Karachi, August 11, 2023 (PPI-OT): Weekly Review
The week began on a positive note facing volatilities as the week prolonged with the benchmark index settling at 48,424pts, reflecting a decrease of 0.33%WoW. The trading volume during the final session was relatively lower compared to the previous session. Overall the market witnessed a decrease of 162pts WoW. Major drivers during the week remained multimillion investment commitment by GCCs i.e., UAE and Saudi Arabia and the triumphant oversubscription of MTBs much higher than the anticipated pre-auction target. Furthermore, the total forex reserves witnessed a decline from 13.47Mn to 13.34mn ((Down)0.9%WoW), additionally workers’ remittances declined by 7.3%/19.3% MoM/YoY to US$2.03bn in Jul’23, cumulatively the total remittances for 7MCY23 stood at US$14.9bn ((Down)16.9%YoY).
The market capitalization dropped from PkR7,290bn to PkR7,232bn. The average daily turnover clocked in at 287mn ((Down)26.9%WoW) Other notable news from the week were (1) CCoE’s approval of upgradation for local refineries (2) Transfer of 15 companies to MSCI FM index from the small cap index, and 41 other companies were added to the small cap MSCI Index (3) Emergence of NBP, BoP and U bank as the top agri-microfinance creditors (4) Penetration of local rice traders into the global rice trade nexus as a result of imposed restrictions on Indian traders (5) Dissolution of the national assembly and anticipation of the caretaker govt.

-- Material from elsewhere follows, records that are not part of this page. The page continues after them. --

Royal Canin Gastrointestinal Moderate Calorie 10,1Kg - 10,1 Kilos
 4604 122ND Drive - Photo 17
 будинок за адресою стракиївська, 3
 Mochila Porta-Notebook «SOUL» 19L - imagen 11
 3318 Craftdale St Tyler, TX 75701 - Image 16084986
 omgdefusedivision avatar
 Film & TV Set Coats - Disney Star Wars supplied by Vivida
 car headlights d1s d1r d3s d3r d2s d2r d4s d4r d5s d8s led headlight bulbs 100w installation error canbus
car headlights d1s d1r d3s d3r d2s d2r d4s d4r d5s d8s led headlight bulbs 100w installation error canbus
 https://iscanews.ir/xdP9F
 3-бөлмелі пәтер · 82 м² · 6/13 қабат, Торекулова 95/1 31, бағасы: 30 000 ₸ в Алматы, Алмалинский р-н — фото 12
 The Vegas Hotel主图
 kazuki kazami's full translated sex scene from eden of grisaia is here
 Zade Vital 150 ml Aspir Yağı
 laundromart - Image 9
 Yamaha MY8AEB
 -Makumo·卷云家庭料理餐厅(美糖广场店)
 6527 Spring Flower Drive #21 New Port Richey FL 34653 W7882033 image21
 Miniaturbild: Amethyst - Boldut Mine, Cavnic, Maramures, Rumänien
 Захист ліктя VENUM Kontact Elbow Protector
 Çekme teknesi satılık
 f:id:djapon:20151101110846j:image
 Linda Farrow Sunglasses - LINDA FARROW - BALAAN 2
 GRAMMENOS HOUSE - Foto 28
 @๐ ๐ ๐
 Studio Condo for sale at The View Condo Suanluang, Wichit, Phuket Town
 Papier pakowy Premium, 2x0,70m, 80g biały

Sector-wise, REFINERY declined by 11%, while INV. BANKS / INV. COS. / SECURITIES COS. gained 8.3%. Company wise top performers: DAWH ((Up)19.9%WoW), AICL ((Up)8.4%WoW), FABL ((Up)5.7%WoW), UBL ((Up)4.8%WoW), NATF ((Up)4.8%WoW). Laggards included PSMC ((Down)9.9%WoW), HCAR ((Down)10.3%WoW), CNERGY ((Down)11.6%WoW), SML ((Down)12.5%WoW), SEARL ((Down)13.0%WoW), and NRL ((Down)16.0%WoW). Flow-wise, major net selling was recorded by BANKS/DFIs with a net sell of US$6.9mn. On the other hand, Insurance Companies absorbed all of the selling with a net buy of US$6.4mn.
Outlook
The market is expected to portray positivity, while the new caretaker govt. and the relation it fosters with IMF prove to be the turnkey for market stability. After a significant upside, market still remain cheap at the forward p/e of 3.1x. Additionally, the influx of investments by UAE and Saudi bolster and affirm stability. Market participants are advised to implement a cautious approach when investing while focusing on dollar denominated revenue stream companies like E and Ps and Technology to hedge against currency risk or in companies with healthy dividend yields.